Maruf; şeriatın caiz kıldığı şekilde insanların sarf ettikleri sözler veya yaptıkları hareket biçimleridir.  Burada maruf bir şekilde söylemektir. Şöyle olabilir: Bu kadının velisine; “başka biri ile evlendirmeden önce bana haber ver, bununla ilgili iyi haberlerim var, size gelip konuşacağım, vs.” diyebilir. Şeriat buna benzer sözlere müsaade ettiği için maruf olur. Şer’iatın kabul etmediği şey münker olur, onu söylemek veya yapmak caiz değildir.

Farz olan iddet dört ay ve on gündür. Bu iddet süresi dolmadan kesinlikle nikâh bağıyla bağlanmaya kalkışmak caiz değildir, münkerdir.

Bu kadınla evlenmek üzere düğün hazırlığı yapmak hiç caiz değildir. Zira bu bir tariz değil, dolaylı hareket değildir, direk bir harekettir.Farz olan bekleme müddeti dolmadan, nikâh kıymaya bir kalkışmadır.

Nikâh yapmak için onlarla gizlice buluşmak haramdır. Nitekim iddet esnasında kadın mahrem olmayan kimselerle buluşmaz. Zira kendisi yas tutmuştur, süslenmez ve pek zaruri bir ihtiyaç olmayınca evden çıkmaz. İhtiyacını giderecek bir kimse varsa çıkmaz.

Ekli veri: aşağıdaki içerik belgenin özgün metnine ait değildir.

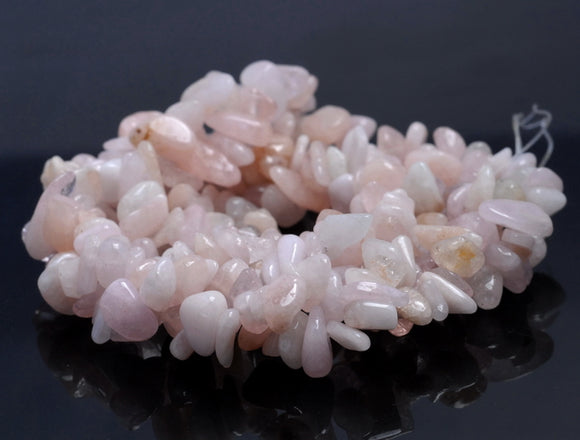 7-8MM Morganite Gemstone Pebble Nugget Chip Loose Beads 33 inch (80001792-A17)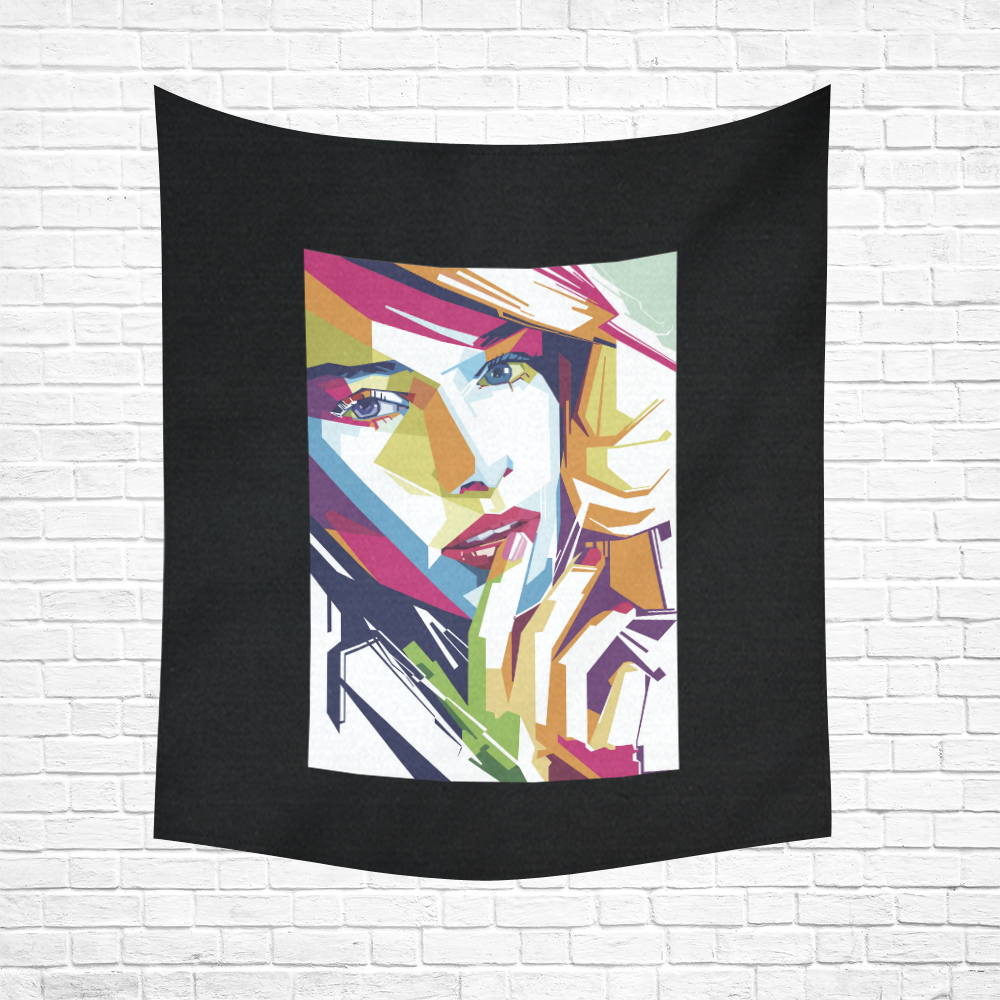 New in Shop : Luxury designers wall tapestry with Girl! Cotton Linen Wall Tapestry 51"x 60"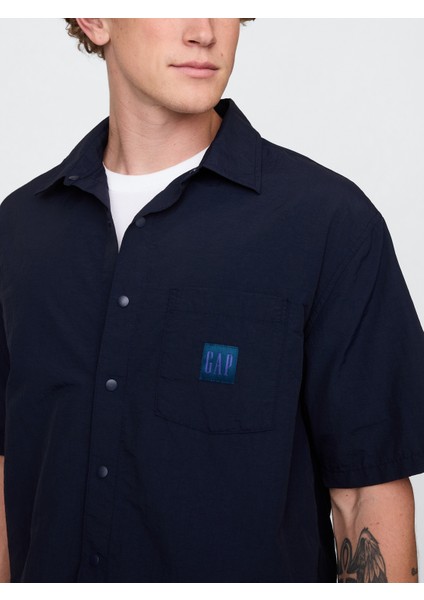 Erkek Lacivert %100 Geri Dönüştürülmüş Relaxed Gömlek modelleri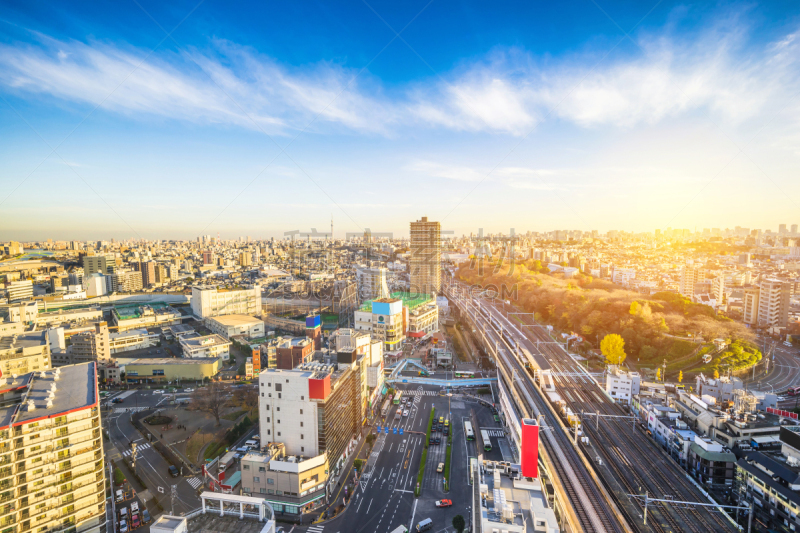 天空,曙暮光,现代,东京,城市天际线,日本,新干线,全景,航拍视角,车站月台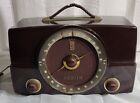 Vintage 1950s Mid Century Zenith Am fm H725 Bakelite Tube Radio Tested Works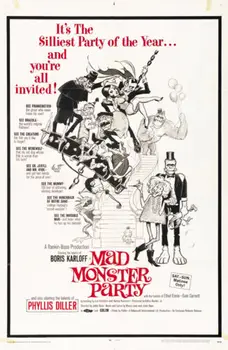 Mad Monster Party (1969) Boriso Karloffo kultas Siaubo filmas ŠILKO PLAKATAS Sienų meno tapyba Namų Deoras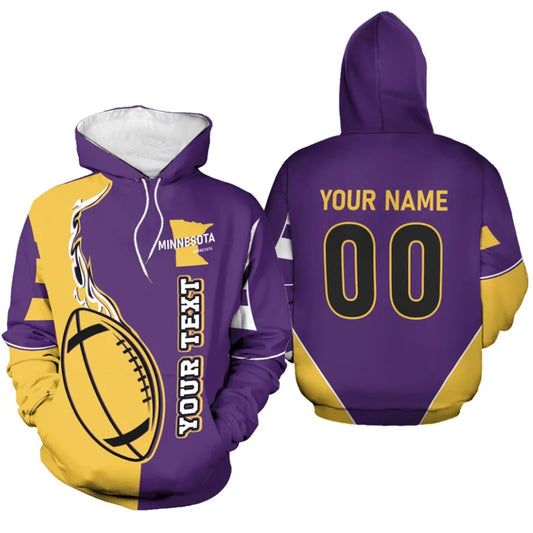 Front and back view of a customized Minnesota football hoodie in purple and gold, featuring a flame football design and personalized name "YOUR NAME" and number "00" on the back.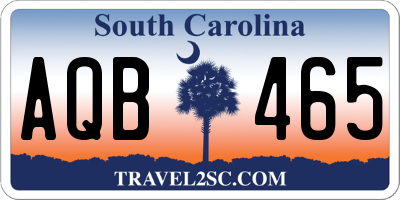 SC license plate AQB465
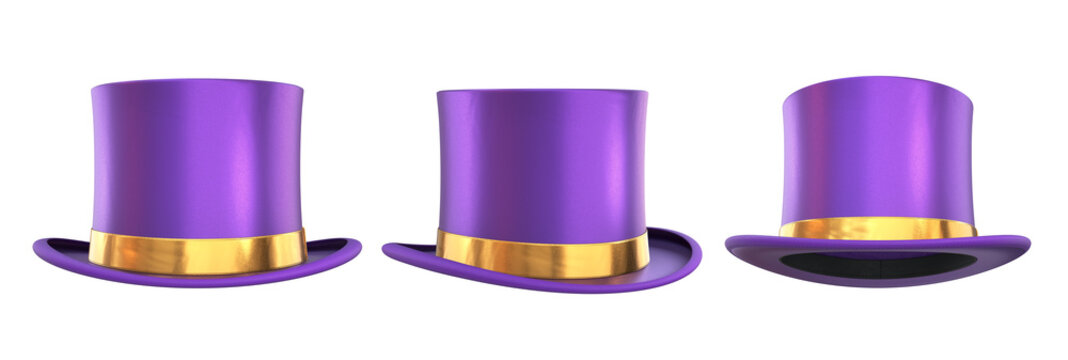 Set of purple top hat with a gold ribbons on a white background, 3d render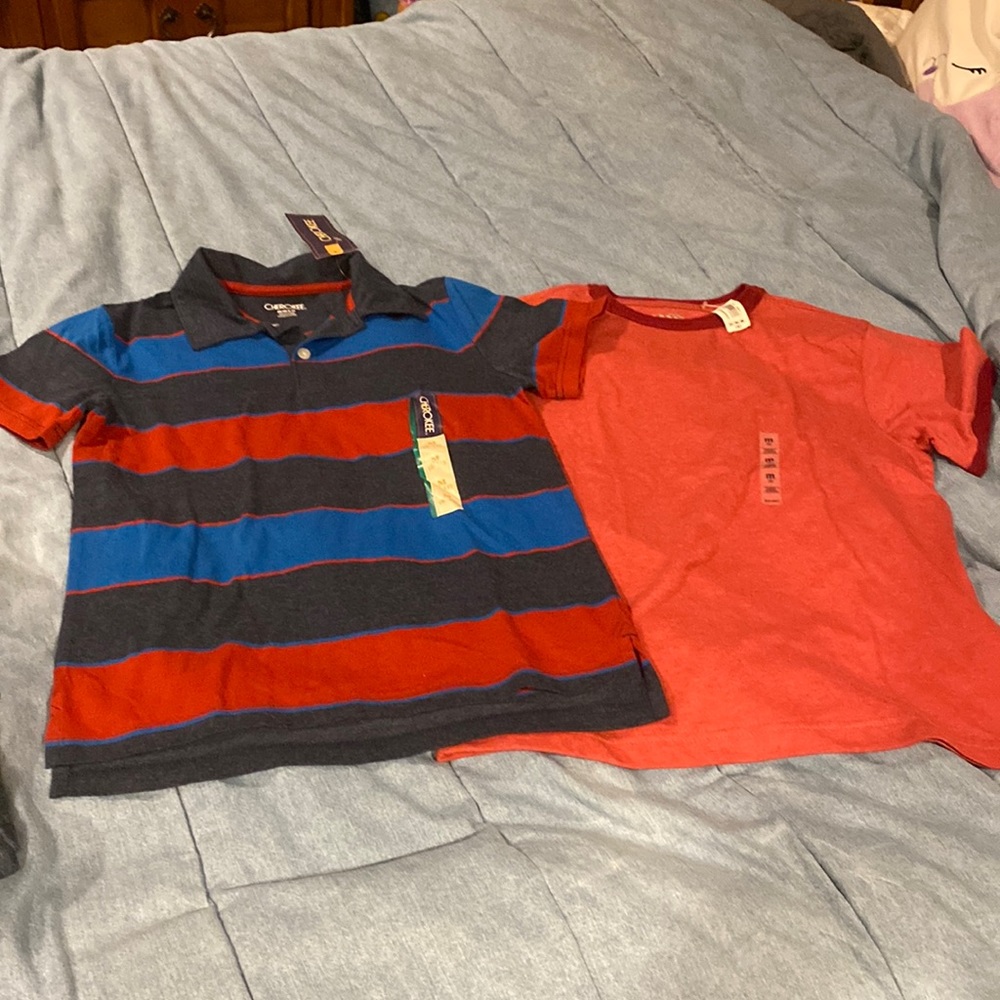 2 New NWT Cherokee striped polo shirt medium and old navy red t shirt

Hastalanırsa doktora gidebilir.

İslam kadın ile erkek arasında ilişkileri en güzel bir şekilde tanzim etmiştir.  Yeryüzünde bundan daha güzel bir düzen var mıdır?  Kesinlikle hayır!

Bu düzen insanın içgüdüsünü köreltmeden güzel ve temiz şekilde tanzim edilmektedir. Hükümler birbirine uyum içindedir, hiç çelişki yoktur. Nitekim bu düzenin hükümleri Allah’tandır, onun hükmünden daha güzel hüküm yoktur. Şöyle buyurdu:

اَفَحُكۡمَ الۡجَـاهِلِيَّةِ يَـبۡغُوۡنَ‌ؕ وَمَنۡ اَحۡسَنُ مِنَ اللّٰهِ حُكۡمًا لِّـقَوۡمٍ يُّوۡقِنُوۡنَ‏

“ Cahiliye hükmü mü istiyorlar?! Yakıni, kesin olarak (Allaha ve dinine) inananlar için Allah’ın hükmünden daha güzel hüküm mü vardır?!” (Maide 50) 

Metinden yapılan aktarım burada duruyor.